Overcapacity plagues aluminium sector
Despite losses, smelters are ignoring Beijing's orders to shut inefficient plants amid pressure from local governments

Since 2003, Beijing has issued at least three policy circulars ordering the aluminium industry to correct its overcapacity problem, caused by local governments' pursuit of their own interests.

Until the central government finds an effective way to motivate local officials to change their penchant for investment-led economic growth and to launch a crackdown that bites, analysts say, overcapacity will not be resolved despite strong growth in domestic demand for the lightweight and versatile metal.
"It is a big challenge for the authorities to untangle the power of [vested interests] and to take back some sort of control or reform those industries," said Mark Pervan, the head of commodity research at ANZ Investment Bank. "The local governments don't appear to get the message that you need to shut some inefficient capacity."
Overcapacity has plagued not only the aluminium sector but also copper and steel smelting.

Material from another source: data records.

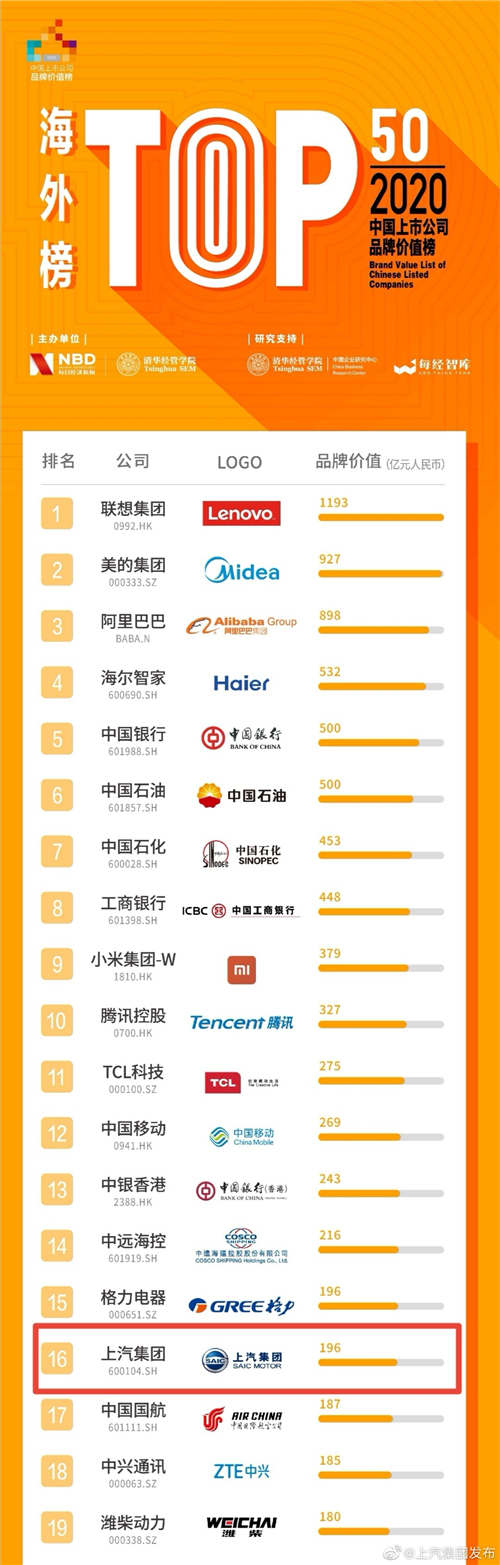 汽车龙头 品牌向上 上海制造“递出”走向世界的闪亮名片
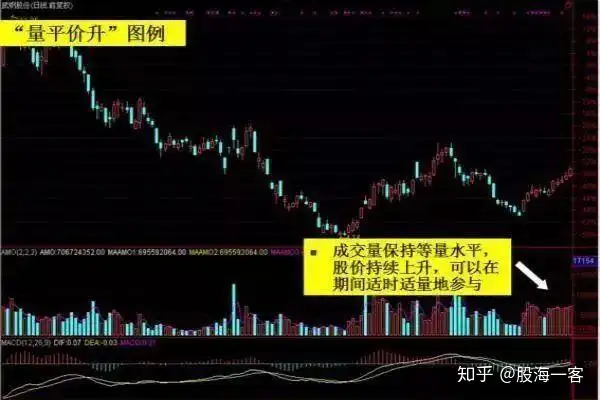 股票成交量怎么看图解,股票成交量分析技巧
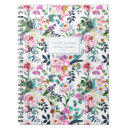 Search for title notebooks Botanical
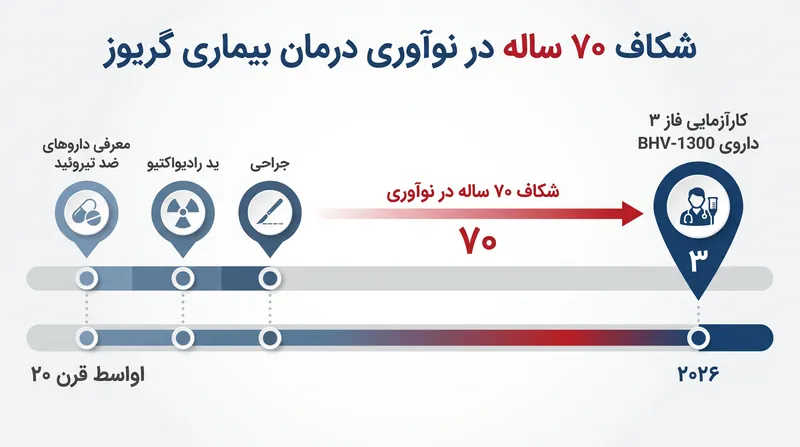 استاندارد مراقبت برای بیماری گریوز اساساً برای بیش از هفت دهه بدون تغییر باقی مانده است.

All three grind on with low profits or losses as falling product prices, rising energy and environmental protection compliance costs and falling supply of domestic raw materials erode earnings.
The situation prompted the Ministry of Industry and Information Technology to issue on July 25 an edict for 1,433 firms in 19 energy-intensive and polluting industries to shut down and dismantle outdated and inefficient plants by year-end.
The ministry said this was the first batch of firms and projects, without giving the eventual scale of the crackdown. Only nine steel firms were ordered to close down 2.8 million tonnes of annual capacity, a drop in the bucket compared with the steel sector's annualised output of 786 million tonnes in the first half.